Tuesday, July 29, 2014

TDD in ETL Projects

How can we implement TDD (Test Driven Development) in Business Intelligence or Data Warehousing projects that involve ETL processes?  Is there a way to implement TDD when the project team is using a tool for ETL or developers are writing programs to extract, transform and load data into the data warehouse or a set of target tables?  Let us explore.
Whether you consider extract, transform and load as distinct steps or all of them together as a single step, one thing to keep in mind is the nature of TDD you can implement here.  It is not going to be the typical JUnit approach of using assertions.   All your data are going to be in schemas or tables.  You are not going to embed input and output data in your test scripts.   If you embed input and output data in your assertions and write pure play JUnits, you can test the ‘T’ of ETL – i.e., transform.  So, what can you do to include E and L – or extract and load?

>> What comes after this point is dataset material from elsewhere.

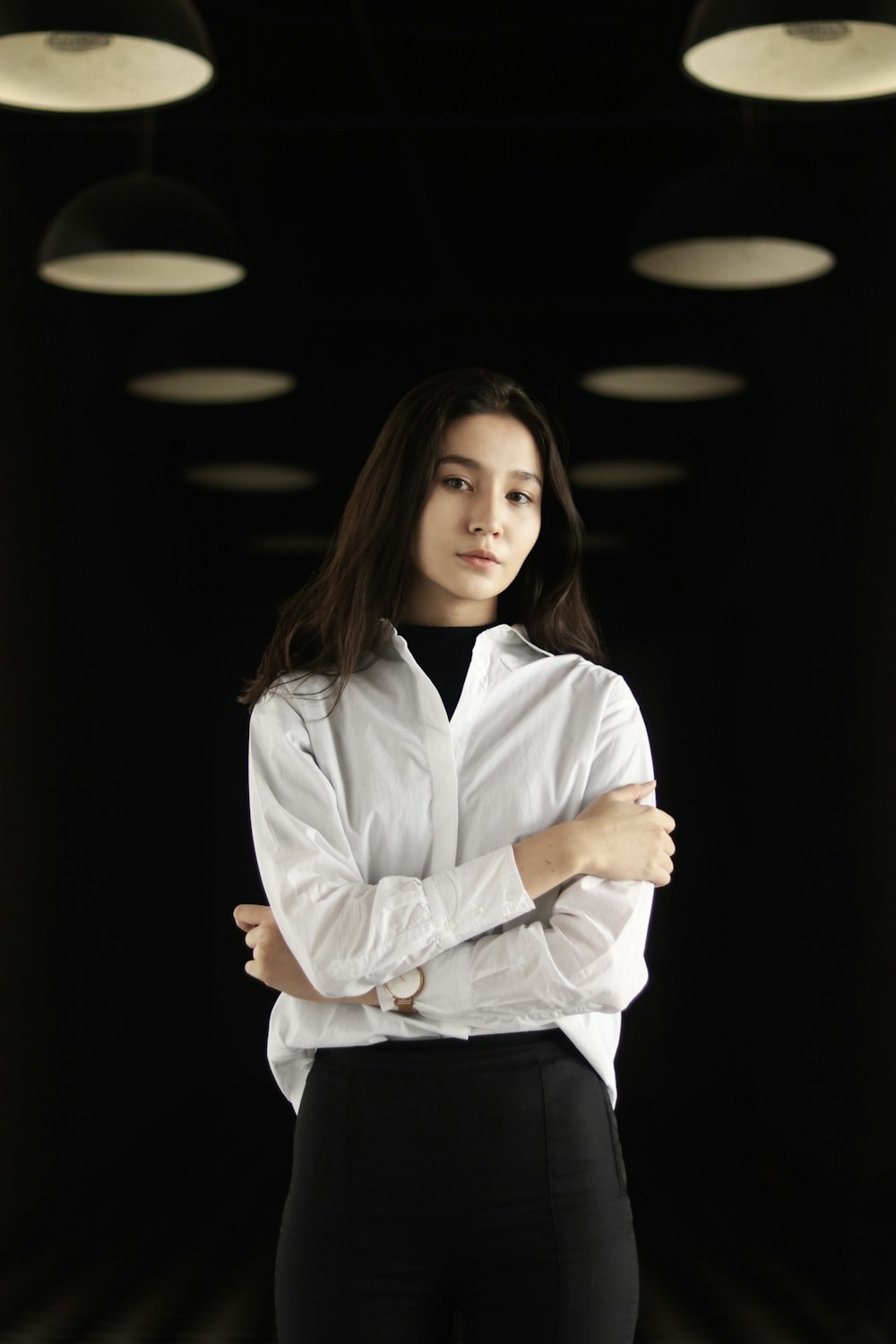 woman wearing white blouse and black miniskirt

Think of flight operations in airports. Before the departure of every flight there are several tests or checks to ensure that the aircraft satisfies a set of pre-conditions.  This will include the verification of a whole lot of technical parameters and things related to the number of passengers, and other inventory such as food and other supplies.  At the destination there will be a bunch of tests or checks to ensure that all passengers including the crew members reached the destination.  This will also include routine verifications or checks on the technical parameters of the flight depending on a set of post-conditions.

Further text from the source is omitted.